TASK ITEM: Repeat the data exactly. Pictures stay out.

DATA:
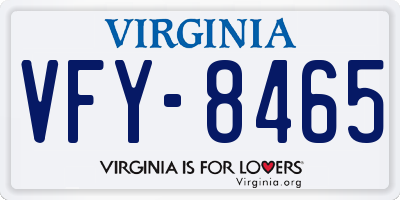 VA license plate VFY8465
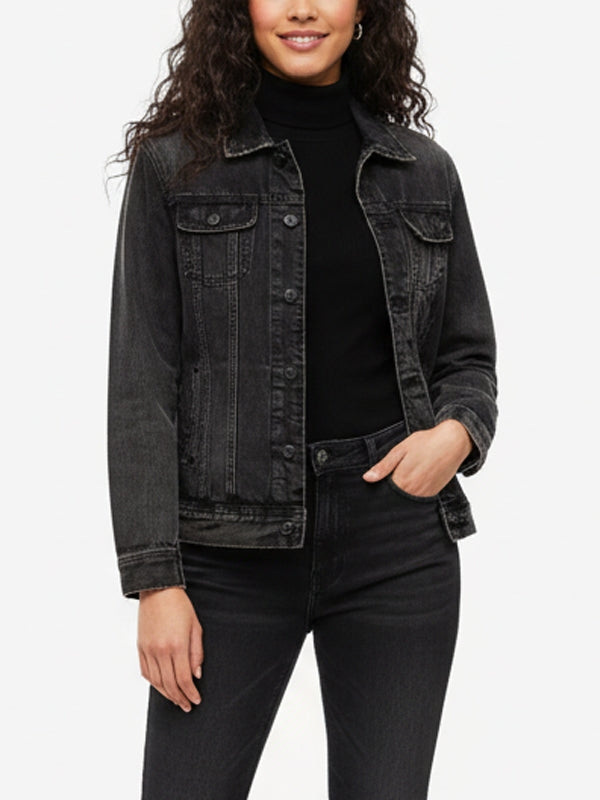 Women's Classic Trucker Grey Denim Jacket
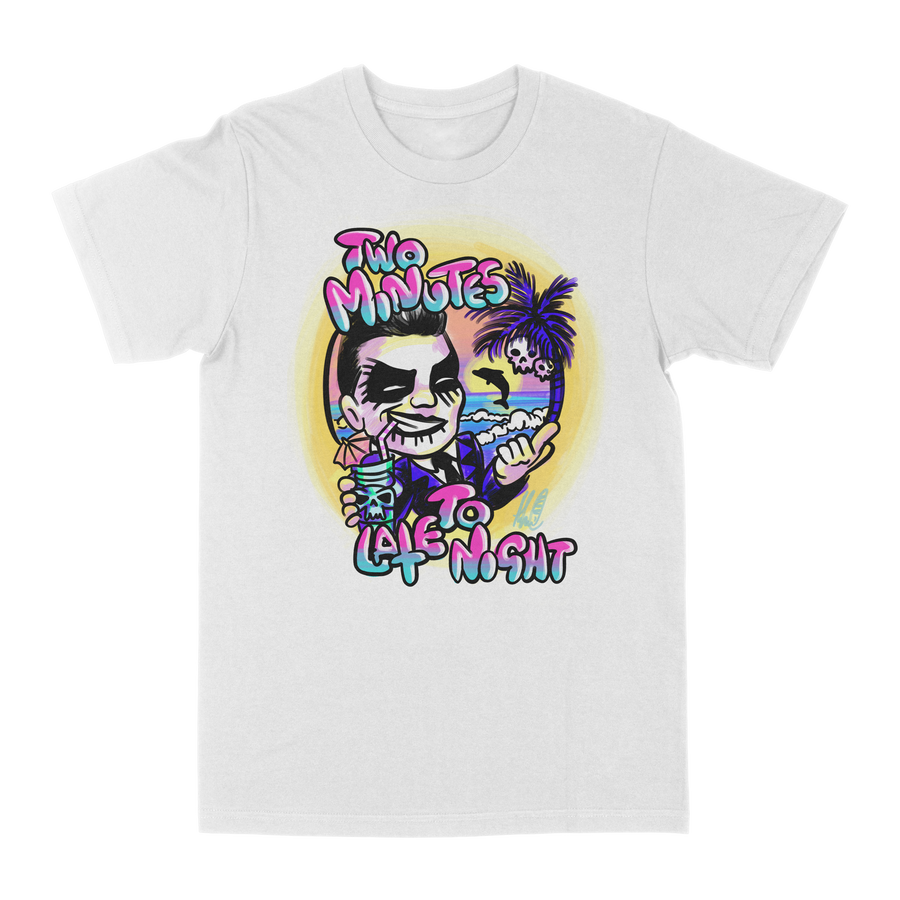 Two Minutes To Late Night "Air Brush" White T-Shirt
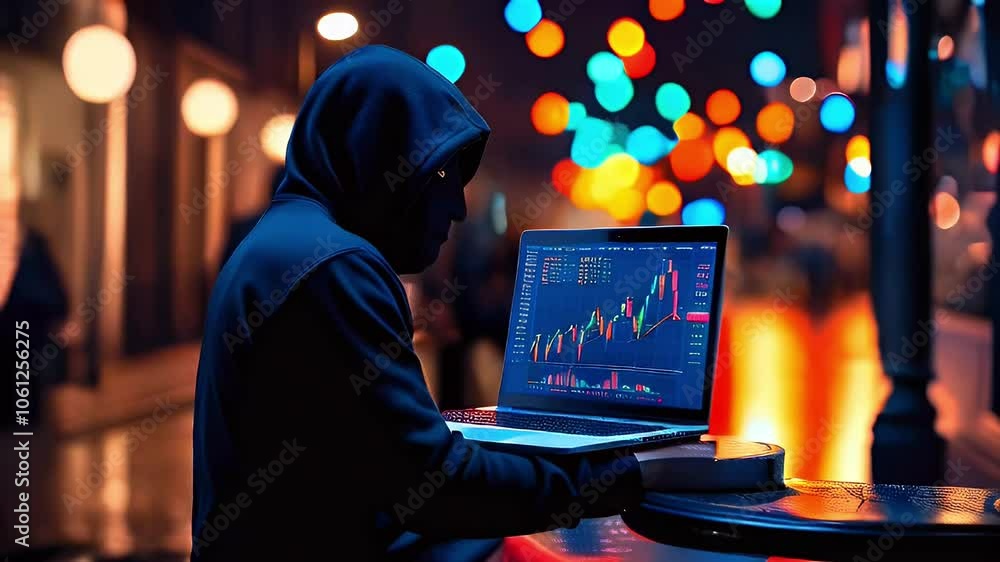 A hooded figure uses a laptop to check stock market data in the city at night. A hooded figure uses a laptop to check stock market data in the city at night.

TASK SOLUTION:
 VA license plate VFY8465
 Women's Classic Trucker Grey Denim Jacket
 Two Minutes To Late Night "Air Brush" White T-Shirt
 A hooded figure uses a laptop to check stock market data in the city at night. A hooded figure uses a laptop to check stock market data in the city at night.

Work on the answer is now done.